> Task
Where the line containing "Three people are" appears, start repeating, and continue exactly through the last line below, adding nothing. Include no pictures.

> The input
--- START ---

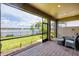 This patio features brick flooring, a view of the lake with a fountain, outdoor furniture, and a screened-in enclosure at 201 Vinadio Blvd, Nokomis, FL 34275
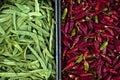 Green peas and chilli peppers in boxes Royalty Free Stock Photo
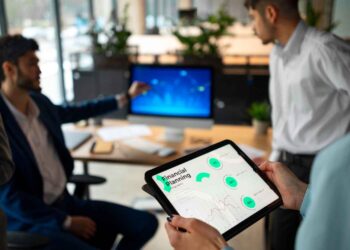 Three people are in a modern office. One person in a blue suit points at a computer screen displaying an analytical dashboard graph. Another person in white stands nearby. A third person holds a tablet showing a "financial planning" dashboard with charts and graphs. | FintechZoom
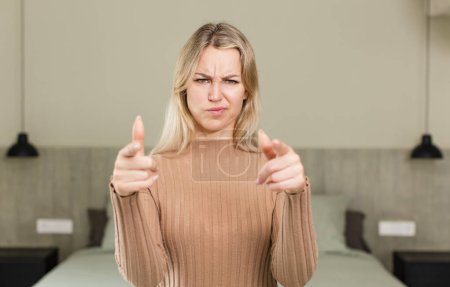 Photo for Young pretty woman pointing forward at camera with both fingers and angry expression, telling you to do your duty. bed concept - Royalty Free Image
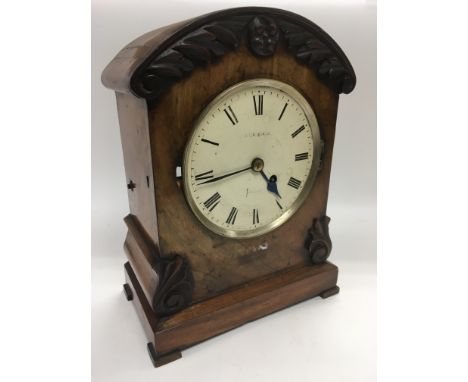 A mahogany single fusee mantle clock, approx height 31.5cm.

--- END ---

> Exercise answer
 Three people are in a modern office. One person in a blue suit points at a computer screen displaying an analytical dashboard graph. Another person in white stands nearby. A third person holds a tablet showing a "financial planning" dashboard with charts and graphs. | FintechZoom
 Photo for Young pretty woman pointing forward at camera with both fingers and angry expression, telling you to do your duty. bed concept - Royalty Free Image
 A mahogany single fusee mantle clock, approx height 31.5cm.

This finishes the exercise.